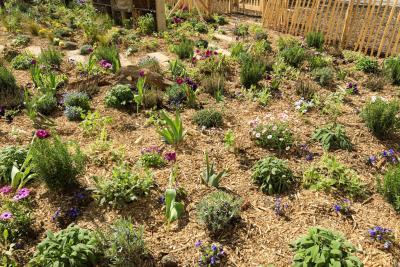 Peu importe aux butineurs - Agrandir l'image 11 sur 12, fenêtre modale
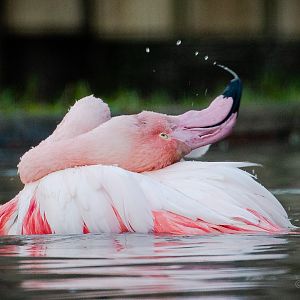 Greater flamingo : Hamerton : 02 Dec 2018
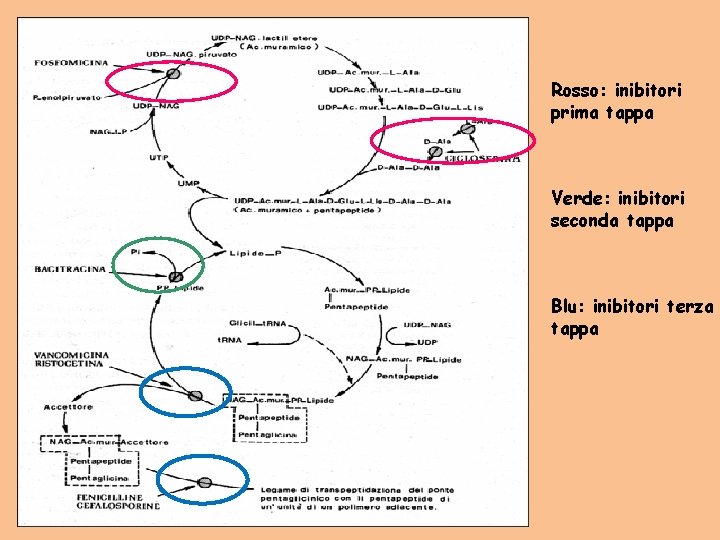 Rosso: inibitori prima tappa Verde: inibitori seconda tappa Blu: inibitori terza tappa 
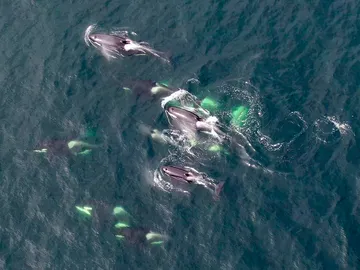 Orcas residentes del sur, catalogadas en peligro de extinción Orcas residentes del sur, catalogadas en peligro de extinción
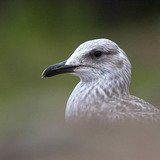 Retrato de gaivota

· · · ·

» **Directions for this task**:
Omit the pictures. Print, word for word, the lines from the beginning of the entries above through the line that holds "Rosso: inibitori prima".

» **Exercise result**:
 Peu importe aux butineurs - Agrandir l'image 11 sur 12, fenêtre modale
 Greater flamingo : Hamerton : 02 Dec 2018
 Rosso: inibitori prima tappa Verde: inibitori seconda tappa Blu: inibitori terza tappa 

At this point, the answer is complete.